The RBI has mandated the introduction of a Risk-Based Internal Audit for all deposit-taking housing finance companieswith effect f ro m J u ne 30,2022. Acco rd i ngly, HomeFirst has a Risk-Based Internal Audit Policy in place. The Company has a Head of Internal Audit, Board to plan and conduct the Risk Based Internal Audit of various functions and locations of the Company. Also, the Company had appointed 3 firms as Joint Internal Auditors viz, M/s BDO India LLP to assist in conducting the internal audit of Head Office functions and M/s. P Chandrashekhar LLP and M/s. Kirtane & Pandit LLP to assist in conducting the internal audit of Branch functions for FY25. These firms further support the Head of Internal Audit in the process of Risk Based Internal Audit.
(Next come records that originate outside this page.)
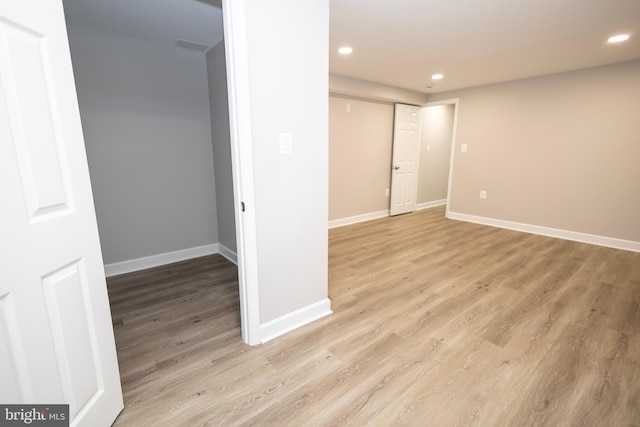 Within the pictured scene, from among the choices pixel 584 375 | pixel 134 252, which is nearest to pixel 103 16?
pixel 134 252

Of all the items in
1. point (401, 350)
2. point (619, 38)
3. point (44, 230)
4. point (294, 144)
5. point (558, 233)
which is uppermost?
point (619, 38)

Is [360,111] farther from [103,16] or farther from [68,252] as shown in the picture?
[68,252]

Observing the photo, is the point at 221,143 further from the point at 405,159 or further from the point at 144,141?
the point at 405,159

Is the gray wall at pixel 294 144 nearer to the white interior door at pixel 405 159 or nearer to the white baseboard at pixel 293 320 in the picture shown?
the white baseboard at pixel 293 320

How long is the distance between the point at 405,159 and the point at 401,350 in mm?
4370

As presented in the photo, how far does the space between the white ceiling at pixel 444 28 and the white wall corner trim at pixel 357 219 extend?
91.5 inches

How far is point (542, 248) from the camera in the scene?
3.71m

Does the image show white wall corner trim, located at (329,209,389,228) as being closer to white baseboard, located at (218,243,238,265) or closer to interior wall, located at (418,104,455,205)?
interior wall, located at (418,104,455,205)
The Internal Auditors were tasked to conduct comprehensive audits of functional areas and operations, covering branches and HO processes which is commensurate with the size and nature of its business, to examine the adequacy of, and compliance with policies, plans and statutory requirements.
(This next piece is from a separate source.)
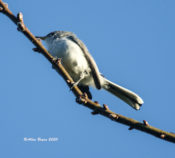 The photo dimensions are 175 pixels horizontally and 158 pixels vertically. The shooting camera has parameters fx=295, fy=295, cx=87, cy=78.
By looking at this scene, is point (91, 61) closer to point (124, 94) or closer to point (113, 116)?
point (124, 94)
The Company has an adequate internal Control System to ensure adherence to the companys policies and procedures, compliance with applicable laws and regulations, to ensure that management information and financial reporting are correct, reliable, and complete, to enable the detection and prevention of fraud and errors and to safeguard the company assets against loss from unauthorised use or disposition, amongst others. Further, the internal control system is commensurate with the size of the business as well as the industry in which the Company operates. The Company has appointed Internal Auditors to ensure compliance with the companys policies and procedures and compliance with applicable laws and regulations. Also, the Statutory Auditors independently evaluates the internal financial controls and certifies their adequacy and effectiveness in the Audit Report. The Audit Committee of the Board reviews the performance of the internal audit, the adequacy of the internal control systems and compliance with regulatory guidelines. The Audit Committee also provides necessary oversight, gives recommendations, and monitors the implementation of such recommendations.

13. Outlook

Over last fifteen years, we have built a large affordable housing finance franchise with a unique business model driven by centralised data-science backed underwriting, granular sourcing model, curated business processes and flows which are powered by technology integration and highly motivated people. We are well-positioned to capitalise on the opportunities provided by strong underlying housing finance demand. As we strive to establish a reputable brand in the housing finance industry, we remain dedicated to becoming the "Fastest Provider of Home Finance for the Aspiring Middle Class, delivered with Ease and Transparency."

Cautionary Statement

This document includes forward-looking statements regarding anticipated future events, as well as the Companys financial and operational results. These statements inherently involve assumptions and are subject to risks and uncertainties. There is a considerable likelihood that these assumptions, projections, or forward-looking statements may not be accurate. Readers are advised not to place undue reliance on such statements, as various factors could lead to significant deviations between the assumptions and actual outcomes or events.

The Company does not undertake any obligation to publicly update, modify, or revise forward-looking statements considering subsequent developments.